Libertas, le rassemblement politique du Mouvement pour le France (MPF) de Philippe De Villiers et de Chasse, pêche, nature et tradition (CNPT) de Frédéric Nihous, en fait même l’un des thèmes majeur de sa campagne. « Les lois votées à l’Assemblée nationale et au Sénat proviennent à 80% de directives émises par des bureaucrates bruxellois, déconnectés des spécificités de chaque pays, et qui ne sont pas élus démocratiquement », accuse-t-on au sein du rassemblement.
« C’est un fait, ce chiffre ne fait pas débat ! », assène le service de presse de Libertas. Au sénat, l’administrateur chargé de la documentation pour le service des affaires européennes, David Mahé estime pourtant « qu’il n’y a jamais eu d’étude sérieuse » sur le sujet. Interrogé à nouveau, Libertas se défend : ce chiffre provient « de la Fondation Robert Schuman ».
Côté Fondation Robert Schuman on rétorque : « nous n’avons jamais fait de rapport sur le sujet et aucune étude aujourd’hui ne fait état d’un inventaire précis sur ce point ». « Personne ne sait d’où vient ce chiffre », indique-t-on. Une statistique qui n’est d’ailleurs pas très précise. « Certains parlent de 60%, d’autres de 70, 80 ou 90% », rappelle la Fondation.
Ce chiffre, une réalité ?
En 2002, le vice-président du Conseil d’État, Renaud Denoix de Saint-Marc était auditionné sur le sujet devant la délégation pour l’Union européenne de l’Assemblée nationale. « En réponse à une question d’Edouard Balladur sur le pourcentage de la législation nationale d’origine communautaire, il avait alors précisé qu’environ la moitié de la législation nationale française était d’origine communautaire », précise M. Mahé. Aujourd’hui l’administrateur du Sénat estime « la proportion entre 50 et 60 % et non 80 % comme il est régulièrement dit ».
Le Conseil d’État a étudié la question à deux reprises, en 1992 et 2007. Le premier rapport correspond en fait à la date de mise en œuvre du « paquet Delors » en France, un ensemble de plus de 300 directives visant à instaurer le marché intérieur. «Ce contexte peut expliquer qu’à l’époque le chiffre de 80% ait été une réalité», indique un analyste politique.
Aujourd’hui, le conseiller d’État Jean-Luc Sauron estime que c’est probablement « un peu moins ». « Et cela varie beaucoup selon les secteurs », indique le directeur du Bureau d’information pour la France du Parlement européen, Alain Barrau. « Dans le domaine agricole, jusqu’à 100% » de nos lois ont une origine communautaire, et la politique des équipements « est aussi très influencée » par l’UE, estime M. Sauron. « En matière d’environnement il est très probable que 80% de la législation française soit d’origine européenne, mais pas en matière de santé ou d’éducation », estime-t-on à la Fondation Robert Schuman.

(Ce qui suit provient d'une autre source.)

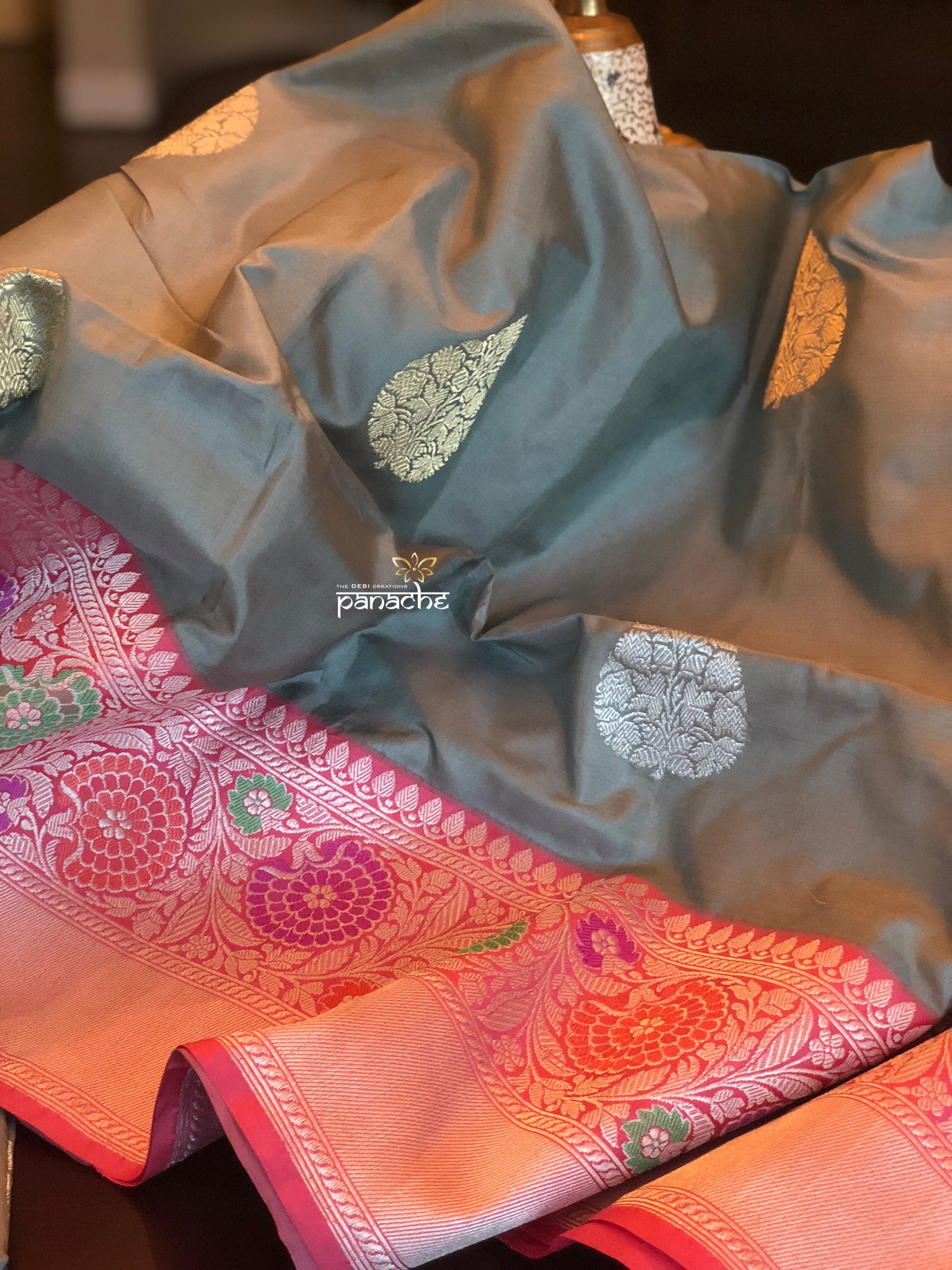 Pure Katan Silk Benarasi - Grey Golden Silver Zari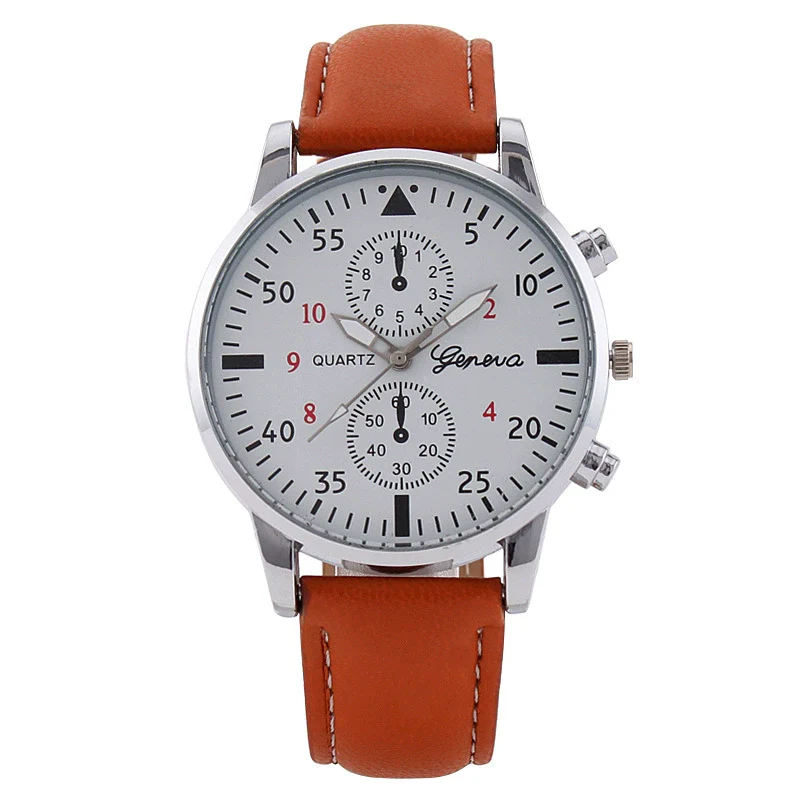 Men's Fashion Quartz Watch With Metal Case Imitation Leather Strap And Stainless Steel Buckle Round Dial - Image 6
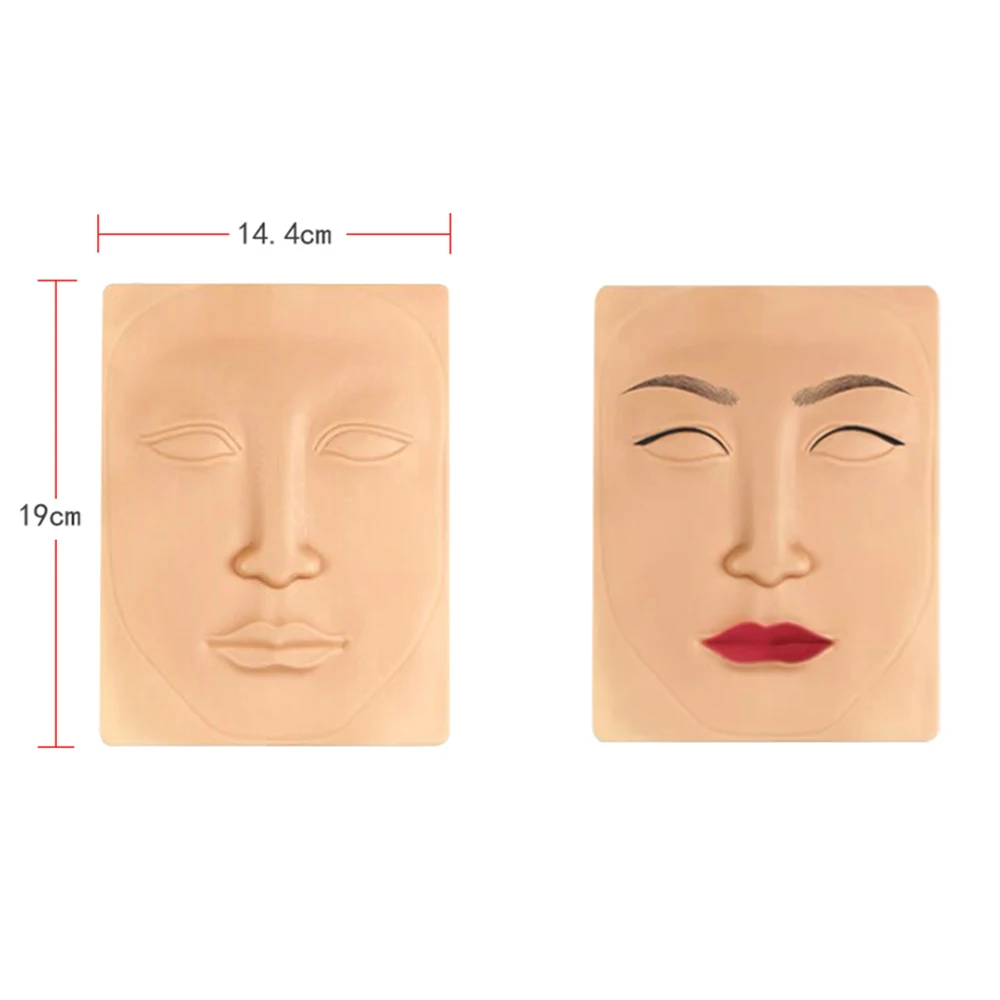 3D face 5D лицевая Татуировка учебная головка силиконовая практика губ/бровей Татуировка кожи манекен лицо/голова для перманентного макияжа начинающих - Цвет: 3D face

Il est donc « très difficile » de se prononcer sur un chiffre et de réaliser une étude, estime David Mahé. «Les directives communautaires sont parfois transposées sous la forme d’une loi, mais peuvent aussi l’être par décret», explique-t-il.
Mais notre droit national est-il seulement influencé par l’UE? « Quelle est la part du droit national qui est vraiment national? », lance Jean-Luc Sauron. La France signe aussi des conventions avec des États qui ne sont pas membres de l’UE, tels les États-Unis ou d’autres, et qui influencent le droit français, rappelle-t-il. Si, pour certains, « 80% est un signe de non-démocratie », c’est au contraire pour le Maître des requêtes, « la découverte que nous ne sommes plus seul ! ».